Charlie Poole is the only employee of the bar Rockaway Grill in Brooklyn. Bar brings losses, Charlie pretends to work. But it is how it should be: Charlie is a nephew of a small time hood in a criminal organization, which keeps the bar as a cover for illegal transactions. From time to time, Charlie sends and receives packages and messages from mysterious people, but does not ask questions, as long as he has this job. Uncle Al has rescued his nephew from oblivion by giving him a job of bartender in a small bar.

Everything changes for Charlie, when one evening before closing time two hitmen from the organization come in the bar and show Charlie a black mark. Charlie yet escapes from them, looking for answers from his uncle. Uncle avoids the nephew, and Poole has to hide around New York looking for an answer to the question why someone wants to kill him.
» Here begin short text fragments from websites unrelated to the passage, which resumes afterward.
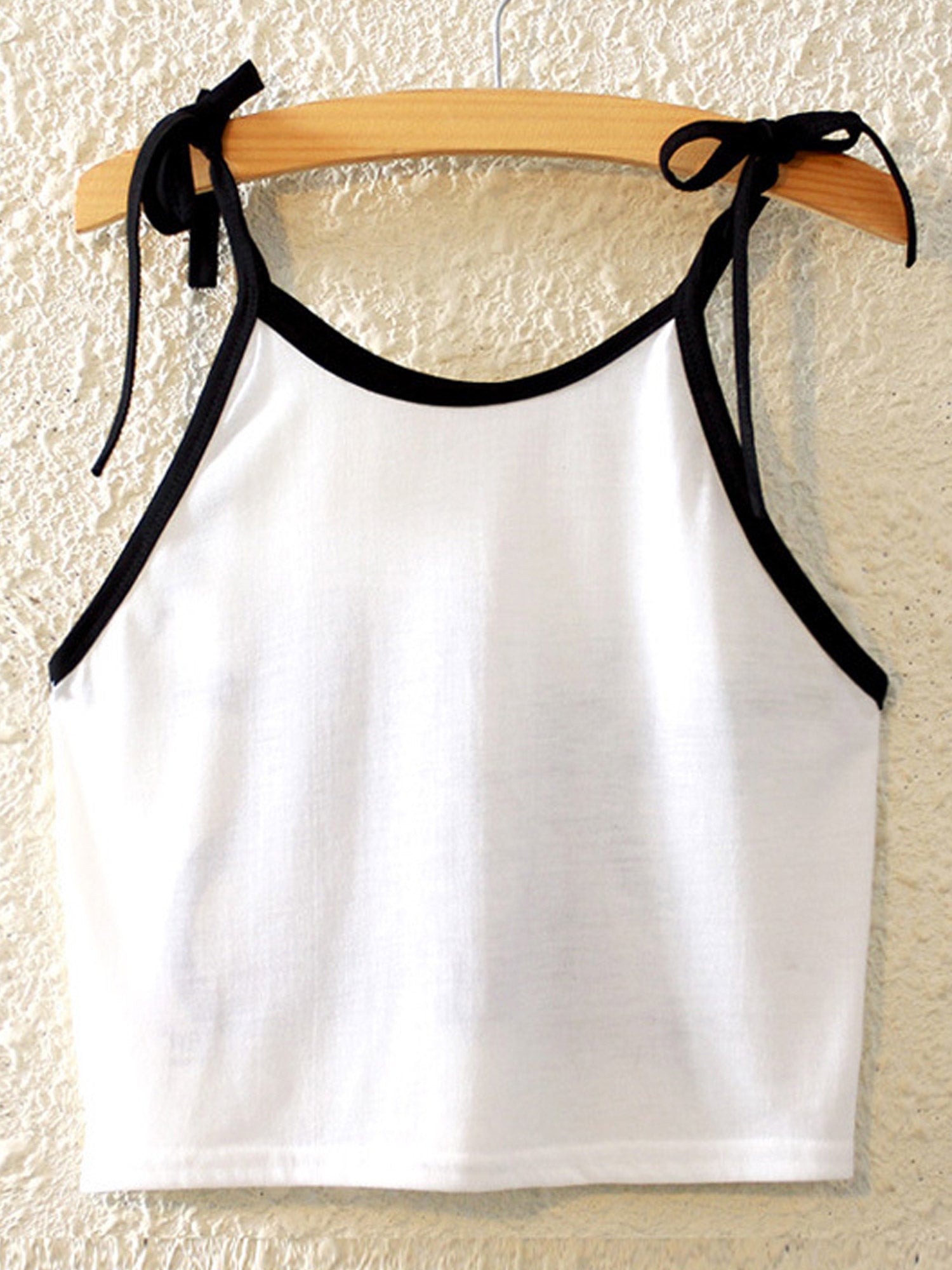 Women Painting Print Soft Material Summer Top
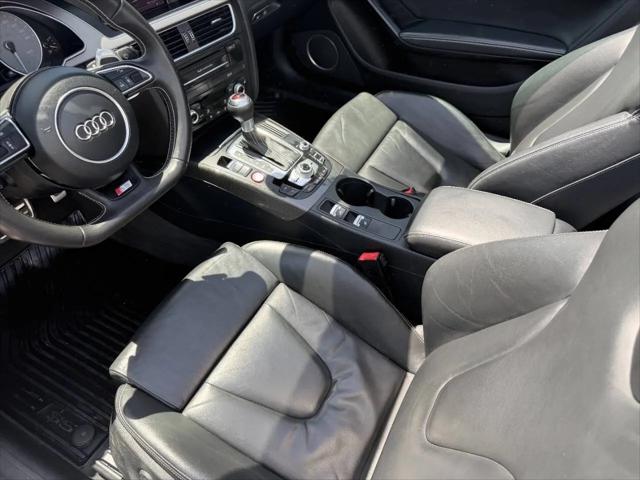 2014 Audi S5 3.0T Premium Plus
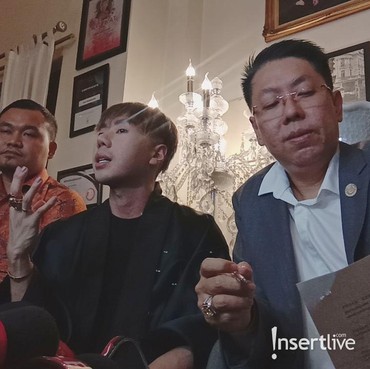 Sebut Bisnis Ruben Onsu Pesugihan, Roy Kiyoshi: Kita Diadu Domba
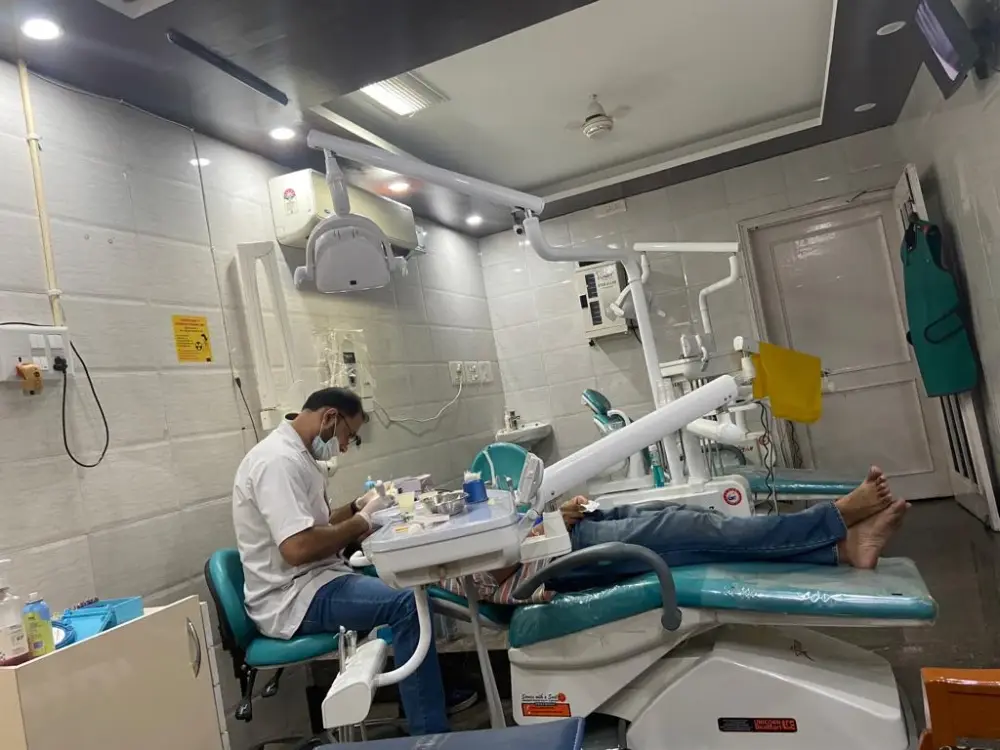 Xclusive Dental Clinic & Implant Centre, Sector 65, Mohali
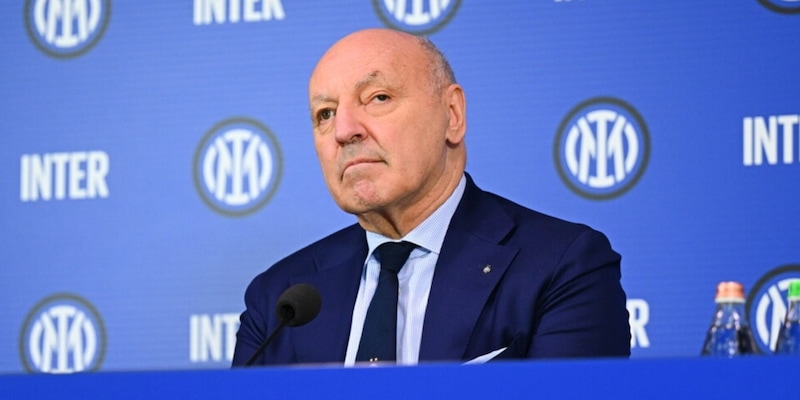 Marotta: “Io presidente Inter con la gavetta. Chiellini? Quanto menava” 16 Marotta: “Io presidente Inter con la gavetta. Chiellini? Quanto menava”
It is believed that The Fugitive Pigeon is the first Westlake’s comic novel under his own name after five hardboiled thrillers. The book is really lighter and funnier than the earlier books, but at the same time not quite so full of comedy - on Killy and Mercenaries I laughed not less.

If we draw an analogy, then The Fugitive Pigeon is such a mixture of The Hunter + The Outfit by Stark with Mercenaries by Westlake himself. Elements of the author’s previous novels are all here. One man goes against the Mafia, while solving whodunnit (and Charlie plunges into murder). Pool is not Parker, but their methods are almost the same. Both use the most direct ways, both with gun drawn. However, Charlie should learn how to use a gun from Parker.

The Fugitive Pigeon is a smart book, not Westlake’s best, but extremely exciting.